You could find lots of situations where it didn't happen, but when it did happen, you were stuck.

The big shared cache also reduces traffic, compared to separate caches. In the case of a Core 2 Quad, dual-core K8, or L3-less AMD desktop/mobile CPU, if multi threads either needed exclusive access to a few cache lines a lot, or dirtied shared cache lines (causing the next read to need to re-read from the core running the thread writing to them), a lot of cache bandwidth, and a lot of clock cycles, would be wasted just bouncing cache lines around. Current Intel and AMD shared caches don't entirely get rid of that problem, but they greatly reduce it, since there is a single pool that it must bounce down to, and the thread using it can keep on going while L3's copy (and then the copies for other cores) gets updated.

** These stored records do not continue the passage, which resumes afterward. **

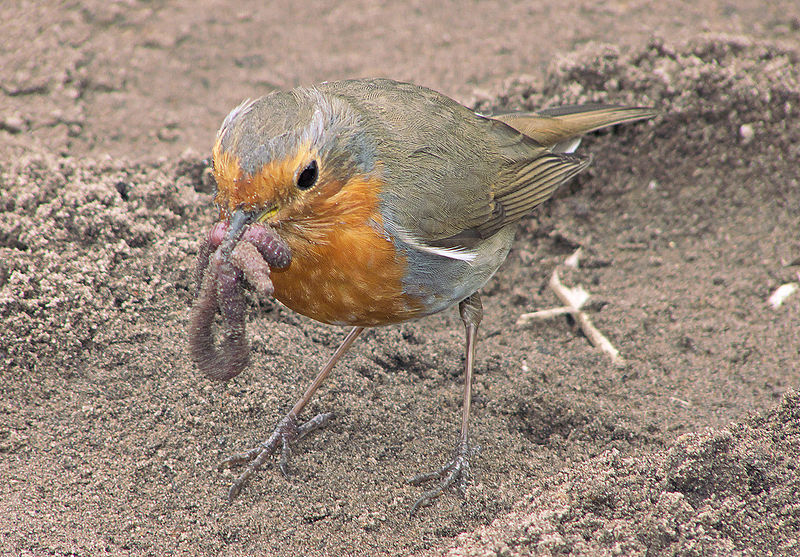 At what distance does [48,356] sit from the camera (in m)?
3.67

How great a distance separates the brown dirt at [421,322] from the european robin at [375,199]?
231 millimetres

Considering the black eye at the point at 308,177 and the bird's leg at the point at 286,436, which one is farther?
the bird's leg at the point at 286,436

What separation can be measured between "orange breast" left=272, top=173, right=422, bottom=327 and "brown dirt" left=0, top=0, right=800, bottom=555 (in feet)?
2.45

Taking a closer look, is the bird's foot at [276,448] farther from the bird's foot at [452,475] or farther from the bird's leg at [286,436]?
the bird's foot at [452,475]

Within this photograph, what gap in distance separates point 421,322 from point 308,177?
69.1 inches

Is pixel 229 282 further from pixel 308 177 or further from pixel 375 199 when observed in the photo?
pixel 375 199

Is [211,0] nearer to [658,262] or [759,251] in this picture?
[658,262]

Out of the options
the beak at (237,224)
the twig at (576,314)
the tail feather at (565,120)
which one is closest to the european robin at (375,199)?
the beak at (237,224)

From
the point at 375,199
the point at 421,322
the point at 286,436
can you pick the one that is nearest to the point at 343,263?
the point at 375,199

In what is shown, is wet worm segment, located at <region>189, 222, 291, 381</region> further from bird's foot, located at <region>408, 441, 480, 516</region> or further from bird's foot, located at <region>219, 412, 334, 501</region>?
bird's foot, located at <region>408, 441, 480, 516</region>

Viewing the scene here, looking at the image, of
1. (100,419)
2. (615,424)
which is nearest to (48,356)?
(100,419)

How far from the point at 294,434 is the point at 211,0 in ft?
14.5

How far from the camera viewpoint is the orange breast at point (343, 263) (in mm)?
3041

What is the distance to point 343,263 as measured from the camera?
3.12m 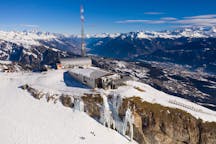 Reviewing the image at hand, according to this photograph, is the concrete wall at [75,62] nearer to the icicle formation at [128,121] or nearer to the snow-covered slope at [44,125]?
the snow-covered slope at [44,125]

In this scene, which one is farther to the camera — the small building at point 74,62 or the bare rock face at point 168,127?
the small building at point 74,62

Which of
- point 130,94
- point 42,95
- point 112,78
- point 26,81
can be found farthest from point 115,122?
point 26,81

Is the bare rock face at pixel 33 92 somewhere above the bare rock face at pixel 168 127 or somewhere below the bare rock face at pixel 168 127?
above

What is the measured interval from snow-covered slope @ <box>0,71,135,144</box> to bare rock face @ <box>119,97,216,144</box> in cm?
722

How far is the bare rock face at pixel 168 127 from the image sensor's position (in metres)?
75.0

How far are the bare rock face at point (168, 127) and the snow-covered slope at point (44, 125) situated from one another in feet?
23.7

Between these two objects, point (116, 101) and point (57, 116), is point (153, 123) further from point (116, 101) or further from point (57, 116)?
point (57, 116)

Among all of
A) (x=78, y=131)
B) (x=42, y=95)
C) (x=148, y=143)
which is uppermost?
(x=42, y=95)

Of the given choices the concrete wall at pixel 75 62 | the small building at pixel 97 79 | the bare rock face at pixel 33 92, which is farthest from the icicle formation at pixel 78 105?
the concrete wall at pixel 75 62

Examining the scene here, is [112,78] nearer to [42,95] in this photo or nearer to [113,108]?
[113,108]

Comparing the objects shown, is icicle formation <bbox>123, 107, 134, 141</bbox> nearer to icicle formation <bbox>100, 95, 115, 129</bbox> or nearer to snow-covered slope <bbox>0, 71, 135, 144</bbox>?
snow-covered slope <bbox>0, 71, 135, 144</bbox>

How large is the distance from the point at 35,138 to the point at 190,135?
4260 centimetres

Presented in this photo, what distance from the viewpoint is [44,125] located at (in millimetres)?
68625

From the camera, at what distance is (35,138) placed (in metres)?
61.3
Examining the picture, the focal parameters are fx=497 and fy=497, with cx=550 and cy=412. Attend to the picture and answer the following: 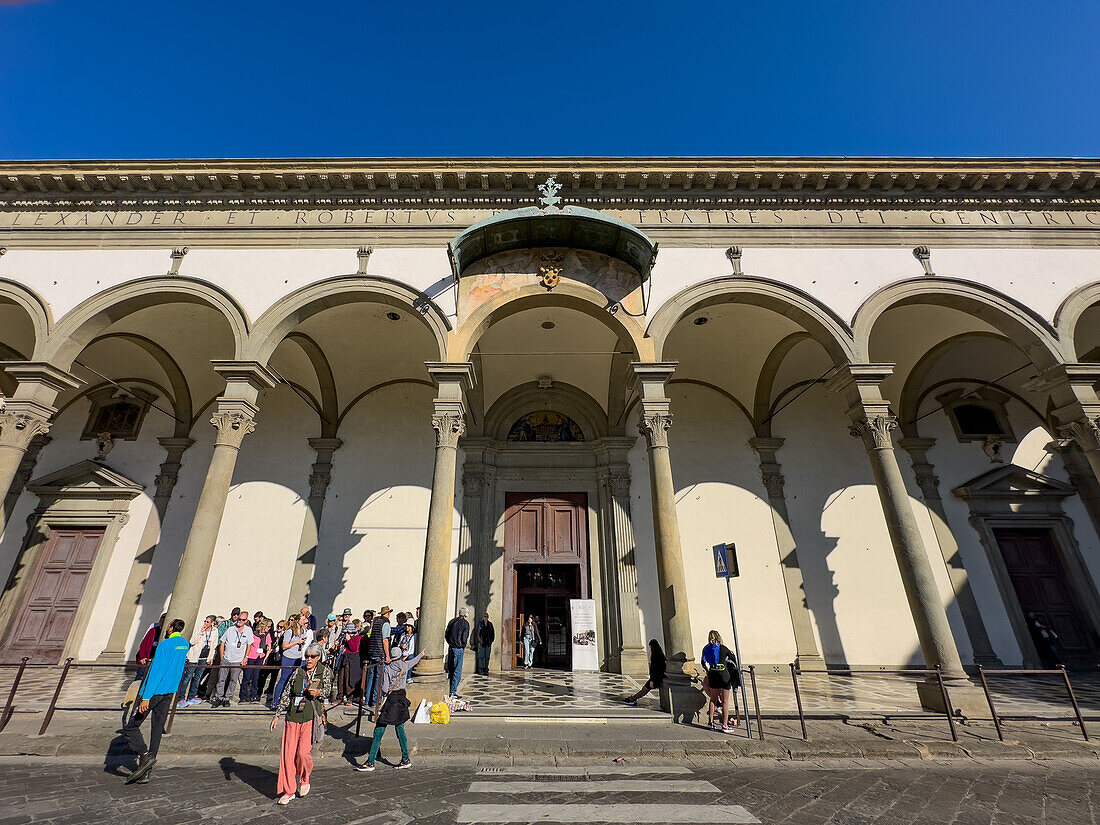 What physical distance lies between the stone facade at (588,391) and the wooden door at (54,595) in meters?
0.21

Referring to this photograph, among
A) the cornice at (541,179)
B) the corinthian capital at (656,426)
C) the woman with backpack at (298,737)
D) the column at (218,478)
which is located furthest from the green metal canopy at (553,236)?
the woman with backpack at (298,737)

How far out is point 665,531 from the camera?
779 cm

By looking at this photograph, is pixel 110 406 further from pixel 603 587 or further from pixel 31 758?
pixel 603 587

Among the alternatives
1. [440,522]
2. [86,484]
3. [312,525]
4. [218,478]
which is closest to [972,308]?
[440,522]

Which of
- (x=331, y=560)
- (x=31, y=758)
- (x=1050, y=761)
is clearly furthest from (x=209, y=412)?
(x=1050, y=761)

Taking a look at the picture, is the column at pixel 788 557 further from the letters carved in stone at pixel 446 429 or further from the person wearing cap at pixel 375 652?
the person wearing cap at pixel 375 652

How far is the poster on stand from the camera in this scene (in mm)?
10500

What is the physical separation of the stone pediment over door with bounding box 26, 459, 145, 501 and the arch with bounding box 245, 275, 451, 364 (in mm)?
6393

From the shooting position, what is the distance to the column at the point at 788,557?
10844 millimetres

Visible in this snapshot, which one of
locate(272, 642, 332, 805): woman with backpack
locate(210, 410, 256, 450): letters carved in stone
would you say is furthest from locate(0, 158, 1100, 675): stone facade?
locate(272, 642, 332, 805): woman with backpack

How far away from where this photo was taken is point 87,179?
988 centimetres

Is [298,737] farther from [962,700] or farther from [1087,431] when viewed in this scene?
[1087,431]

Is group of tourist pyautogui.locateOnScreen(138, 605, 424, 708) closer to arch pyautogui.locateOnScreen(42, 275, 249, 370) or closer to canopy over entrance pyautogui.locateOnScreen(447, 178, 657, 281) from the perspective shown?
arch pyautogui.locateOnScreen(42, 275, 249, 370)

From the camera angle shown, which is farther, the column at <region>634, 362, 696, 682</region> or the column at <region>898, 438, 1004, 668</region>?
the column at <region>898, 438, 1004, 668</region> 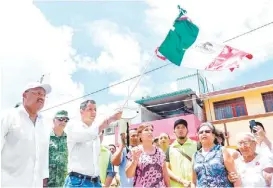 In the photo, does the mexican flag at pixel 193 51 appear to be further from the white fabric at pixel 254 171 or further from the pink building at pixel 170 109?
the pink building at pixel 170 109

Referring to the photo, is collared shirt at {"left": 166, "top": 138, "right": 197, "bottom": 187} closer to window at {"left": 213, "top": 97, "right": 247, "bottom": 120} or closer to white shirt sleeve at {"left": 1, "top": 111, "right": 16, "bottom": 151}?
white shirt sleeve at {"left": 1, "top": 111, "right": 16, "bottom": 151}

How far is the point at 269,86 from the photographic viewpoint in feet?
52.0

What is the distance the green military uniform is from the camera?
3.84 meters

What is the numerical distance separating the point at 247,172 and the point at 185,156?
0.91m

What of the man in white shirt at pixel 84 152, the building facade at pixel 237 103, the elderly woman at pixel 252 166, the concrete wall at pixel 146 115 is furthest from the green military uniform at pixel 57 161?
the concrete wall at pixel 146 115

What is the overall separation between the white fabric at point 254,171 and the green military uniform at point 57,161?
253 centimetres

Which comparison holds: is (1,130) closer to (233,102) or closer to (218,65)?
(218,65)

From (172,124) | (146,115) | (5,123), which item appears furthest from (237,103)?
(5,123)

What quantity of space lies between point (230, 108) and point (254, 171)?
14.1 metres

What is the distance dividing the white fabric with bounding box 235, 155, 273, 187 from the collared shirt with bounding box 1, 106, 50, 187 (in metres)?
2.46

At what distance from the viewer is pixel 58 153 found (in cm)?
399

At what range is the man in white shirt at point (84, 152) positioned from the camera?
9.64ft

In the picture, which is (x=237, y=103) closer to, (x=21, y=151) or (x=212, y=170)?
(x=212, y=170)

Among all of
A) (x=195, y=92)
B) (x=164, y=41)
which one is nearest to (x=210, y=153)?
(x=164, y=41) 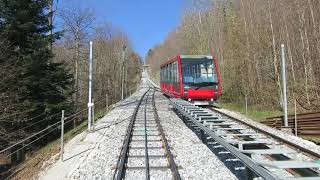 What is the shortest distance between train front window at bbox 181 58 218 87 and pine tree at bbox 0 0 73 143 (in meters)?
7.20

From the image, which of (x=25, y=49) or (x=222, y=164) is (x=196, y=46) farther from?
(x=222, y=164)

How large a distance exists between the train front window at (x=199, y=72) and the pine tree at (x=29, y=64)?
7.20 metres

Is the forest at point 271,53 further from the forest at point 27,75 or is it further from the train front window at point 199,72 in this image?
the forest at point 27,75

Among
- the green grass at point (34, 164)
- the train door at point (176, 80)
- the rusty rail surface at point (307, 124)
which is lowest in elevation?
the green grass at point (34, 164)

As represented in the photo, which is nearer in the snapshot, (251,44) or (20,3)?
(20,3)

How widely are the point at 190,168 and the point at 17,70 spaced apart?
42.4 feet

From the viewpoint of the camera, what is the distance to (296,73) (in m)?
29.0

The only reach catch is complexity: for any given number of cache lines, you will want to have nearly as much associativity as separate caches combined, to keep from running any significant risk of way conflict issues (IE, 16-way for 2 cores that would otherwise have 2 8-way caches, less with more data being shared between threads). Nobody seems to be having problems implementing that, though, these days (do they usually do way-skewed slices, has Moore's Law just made it cheap to do, or what? I'm really ignorant on this part).